Nov. 2 (Bloomberg) -- Euro-area manufacturing output contracted in October, adding to signs a recession in the currency bloc may extend into next year as leaders struggle to tackle the sovereign-debt crisis.
A gauge of manufacturing in the 17-nation euro area fell to 45.4 from 46.1 in September, snapping two months of advances, London-based Markit Economics said today. That compares with an initial October estimate of 45.3 published on Oct. 24. A reading below 50 indicates contraction.
Europe’s slump is deepening as governments toughen spending cuts and economies around the globe show signs of cooling. The European Central Bank, which has pledged to purchase government bonds along with the euro-area rescue fund to fight the fiscal crisis, is forecast to leave its benchmark rate unchanged at its Nov. 8 meeting, according a Bloomberg survey of economists.
“It already looks probable that the euro zone is headed for further economic contraction in the fourth quarter,” said Howard Archer, chief European economist at IHS Global Insight. “We don’t expect the ECB to loosen monetary policy at the Nov. 8 meeting, but we have pencilled an interest-rate cut to 0.5 percent in December.”
The euro was lower against the dollar after the manufacturing data. The European currency, which has fallen more than 6 percent versus the dollar in the past year, traded at $1.2877 at 10:30 a.m. in Brussels, down 0.5 percent on the day.
Euro-area governments may find it more difficult to plug their budget gaps with at least five nations already in recessions and the fiscal turmoil spreading from the periphery to core countries.
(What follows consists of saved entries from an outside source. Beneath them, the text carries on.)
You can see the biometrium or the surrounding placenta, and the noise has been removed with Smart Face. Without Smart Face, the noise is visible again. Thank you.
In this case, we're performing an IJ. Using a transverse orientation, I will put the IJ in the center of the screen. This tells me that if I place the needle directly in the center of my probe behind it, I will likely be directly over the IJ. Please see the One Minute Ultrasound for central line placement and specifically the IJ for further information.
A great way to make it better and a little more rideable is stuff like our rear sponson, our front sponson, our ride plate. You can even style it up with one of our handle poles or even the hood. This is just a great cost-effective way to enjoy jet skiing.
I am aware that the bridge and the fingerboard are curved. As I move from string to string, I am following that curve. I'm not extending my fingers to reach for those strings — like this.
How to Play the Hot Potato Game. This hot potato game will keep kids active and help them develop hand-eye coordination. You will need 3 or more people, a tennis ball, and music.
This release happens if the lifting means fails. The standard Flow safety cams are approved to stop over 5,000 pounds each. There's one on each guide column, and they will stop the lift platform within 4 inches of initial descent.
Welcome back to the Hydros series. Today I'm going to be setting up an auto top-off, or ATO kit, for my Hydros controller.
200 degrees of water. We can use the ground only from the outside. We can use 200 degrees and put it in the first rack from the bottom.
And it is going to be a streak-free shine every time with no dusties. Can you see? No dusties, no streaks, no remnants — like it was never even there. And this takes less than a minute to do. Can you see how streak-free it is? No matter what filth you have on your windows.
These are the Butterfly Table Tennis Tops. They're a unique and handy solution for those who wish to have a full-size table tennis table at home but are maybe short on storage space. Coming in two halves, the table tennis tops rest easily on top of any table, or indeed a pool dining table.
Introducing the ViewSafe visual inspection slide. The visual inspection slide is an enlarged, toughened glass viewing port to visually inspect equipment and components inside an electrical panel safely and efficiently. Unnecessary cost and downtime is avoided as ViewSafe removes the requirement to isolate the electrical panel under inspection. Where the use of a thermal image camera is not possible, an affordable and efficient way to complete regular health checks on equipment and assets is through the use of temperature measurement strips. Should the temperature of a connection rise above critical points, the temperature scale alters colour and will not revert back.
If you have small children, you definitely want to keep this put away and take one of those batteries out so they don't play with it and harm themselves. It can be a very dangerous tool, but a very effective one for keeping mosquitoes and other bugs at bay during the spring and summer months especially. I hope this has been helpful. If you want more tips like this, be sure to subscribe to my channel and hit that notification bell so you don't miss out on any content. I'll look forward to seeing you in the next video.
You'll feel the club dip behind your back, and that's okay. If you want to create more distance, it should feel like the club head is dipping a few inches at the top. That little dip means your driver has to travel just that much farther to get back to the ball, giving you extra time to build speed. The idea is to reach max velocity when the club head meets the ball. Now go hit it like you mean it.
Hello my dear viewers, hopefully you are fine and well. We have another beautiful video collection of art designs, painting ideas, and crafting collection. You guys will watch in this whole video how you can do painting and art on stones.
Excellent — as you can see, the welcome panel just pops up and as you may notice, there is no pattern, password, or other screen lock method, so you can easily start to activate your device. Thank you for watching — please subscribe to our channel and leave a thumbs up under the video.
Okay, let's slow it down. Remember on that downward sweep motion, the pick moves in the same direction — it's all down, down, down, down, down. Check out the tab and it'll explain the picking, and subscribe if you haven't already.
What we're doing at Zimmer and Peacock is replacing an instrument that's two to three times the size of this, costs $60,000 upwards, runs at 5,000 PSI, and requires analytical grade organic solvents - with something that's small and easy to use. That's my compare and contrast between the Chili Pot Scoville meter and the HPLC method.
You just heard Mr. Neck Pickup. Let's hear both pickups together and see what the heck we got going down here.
Manufacturing output contracted in Germany, France and Italy in October, today’s data showed.
Thomas Mayer, an economic adviser to Deutsche Bank AG, said he anticipates a euro-area recession will continue into 2013.
“We are probably going with negative momentum into the first quarter of next year,” Mayer said yesterday in an interview with Guy Johnson on Bloomberg Television’s “The Pulse.” “The recession now looks likely to continue, and this puts the question of rate cuts back on the table.”
With consumers holding back spending and global demand faltering, European companies may struggle to maintain their sales growth. MAN SE Chief Executive Officer Georg Pachta-Reyhofen said on Oct. 30 that the debt crisis has led to uncertainty that “translates into shrinking order books” at Europe’s third-largest truckmaker.
While manufacturing indicators from the U.K., Sweden, Norway, Greece, Switzerland and the Czech Republic yesterday also showed contractions, China’s manufacturing expanded for the first time in three months in October and a gauge in India rose. The U.S. factory index also gained last month.